* INPUT DATA
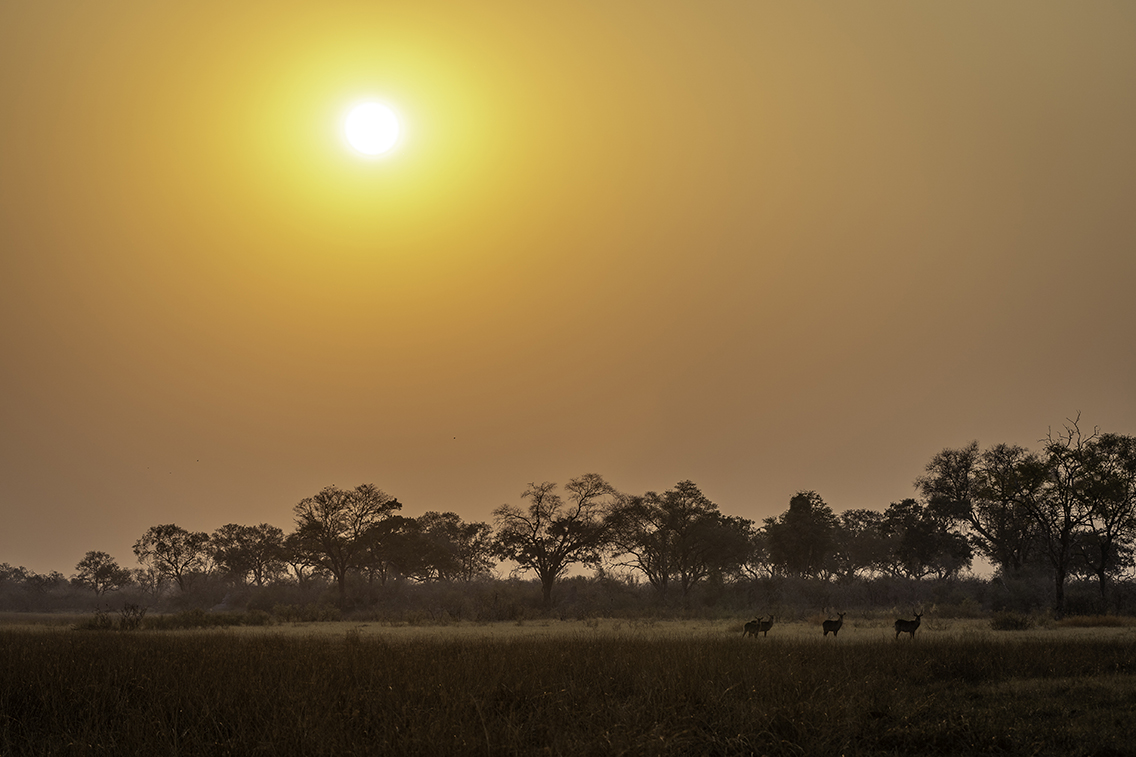 Wilderness Botswana Linyanti Woodlands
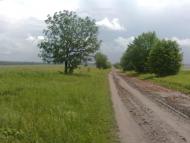 Підвисоке з panoramio.com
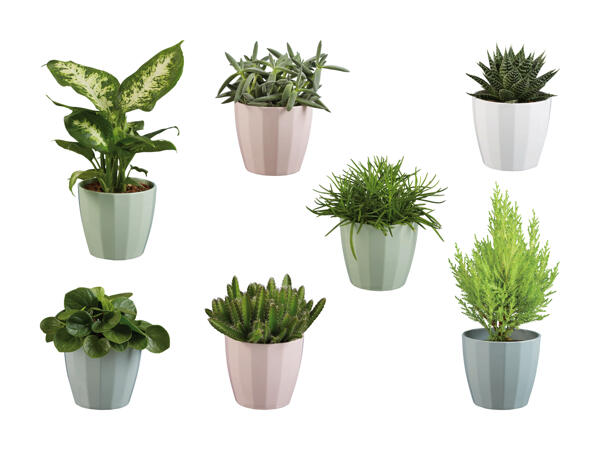Plantes vertes dans un pot en céramique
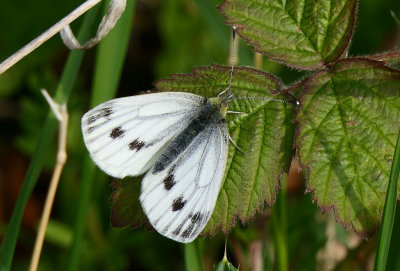 Green-veined White.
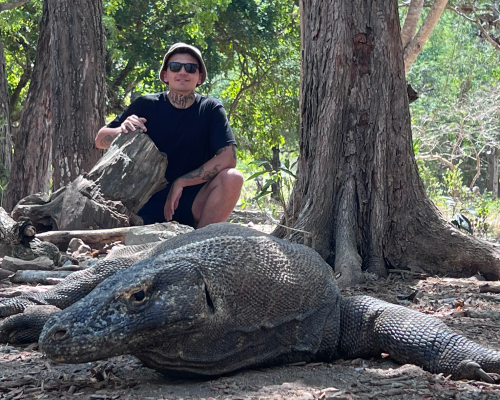 Komodo Adaları - Ejderhalarla Yüz Yüze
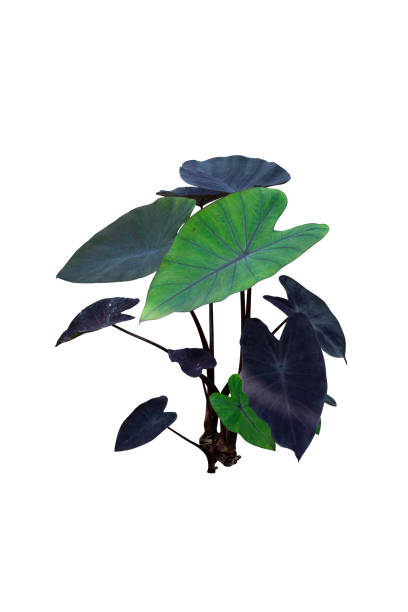 istock Colocasia Black Magic Plant Isolated 1468103776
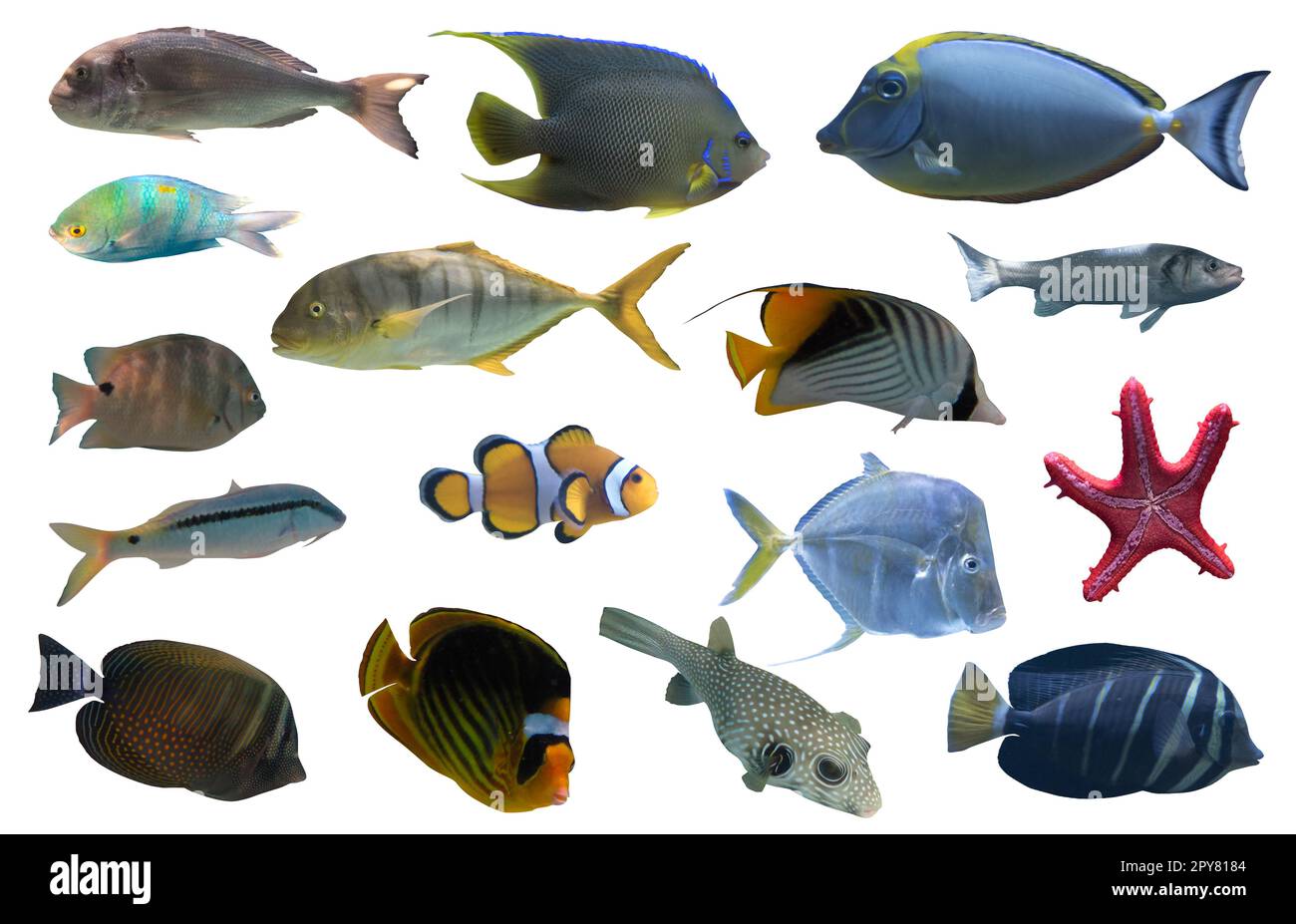 Immagine dei pesci tropicali dell'acquario che nuotano insieme Foto Stock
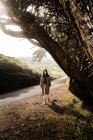 Полная длина женщины-путешественника на обочине дороги под ветром развевается темное дерево ствол в Пойнт-Рейес государственный парк в ранние утренние часы — стоковое фото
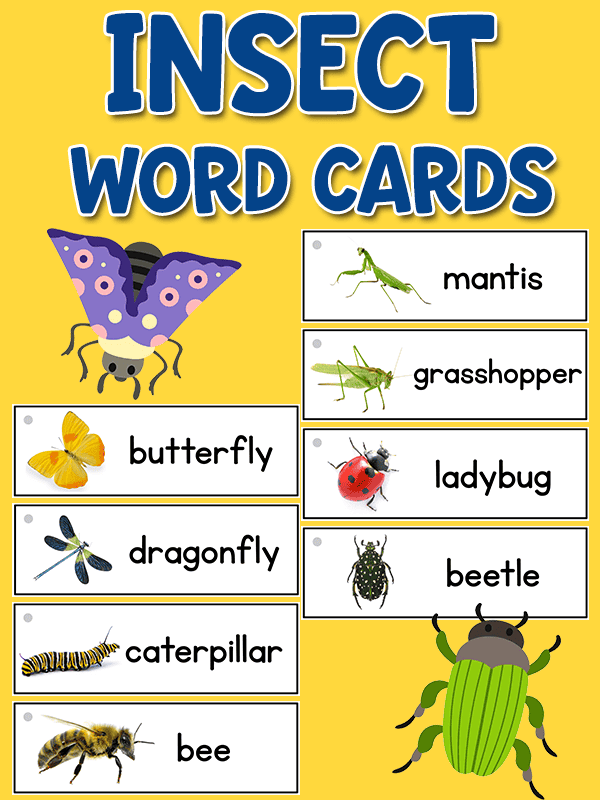 Bugs Insect Picture Word Cards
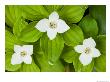 Bunchberry In Bloom On Monadnock Mountain, Lemington, Vermont, Usa by Jerry & Marcy Monkman Limited Edition Print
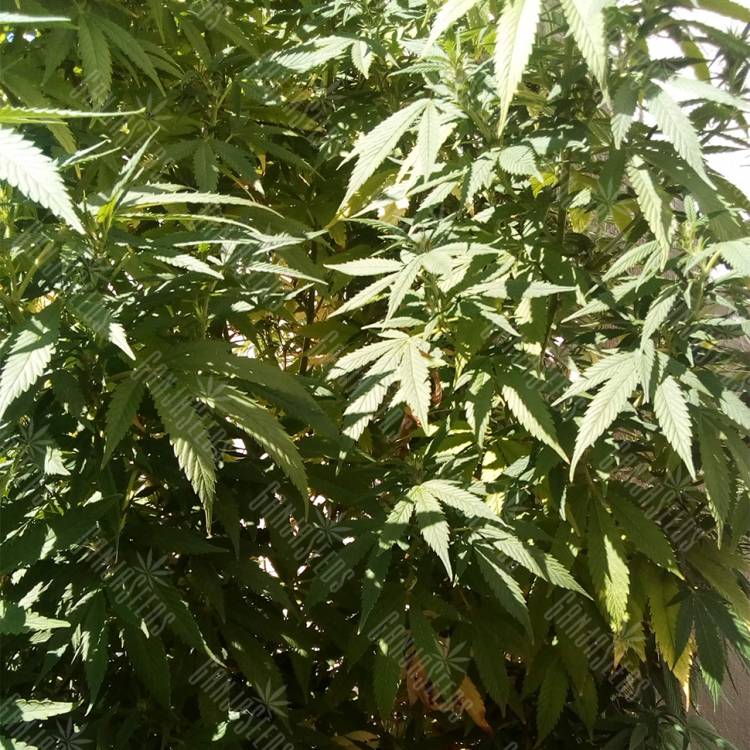 семена конопли в России Ice regular Nirvana Seeds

* WHAT IS EXPECTED
Before copying, set the pictures aside; then give the records again exactly.

* RESPONSE TO THE EXERCISE
 Wilderness Botswana Linyanti Woodlands
 Підвисоке з panoramio.com
Plantes vertes dans un pot en céramique
 Green-veined White.
 Komodo Adaları - Ejderhalarla Yüz Yüze
 istock Colocasia Black Magic Plant Isolated 1468103776
 Immagine dei pesci tropicali dell'acquario che nuotano insieme Foto Stock
 Полная длина женщины-путешественника на обочине дороги под ветром развевается темное дерево ствол в Пойнт-Рейес государственный парк в ранние утренние часы — стоковое фото
 Bugs Insect Picture Word Cards
 Bunchberry In Bloom On Monadnock Mountain, Lemington, Vermont, Usa by Jerry & Marcy Monkman Limited Edition Print
 семена конопли в России Ice regular Nirvana Seeds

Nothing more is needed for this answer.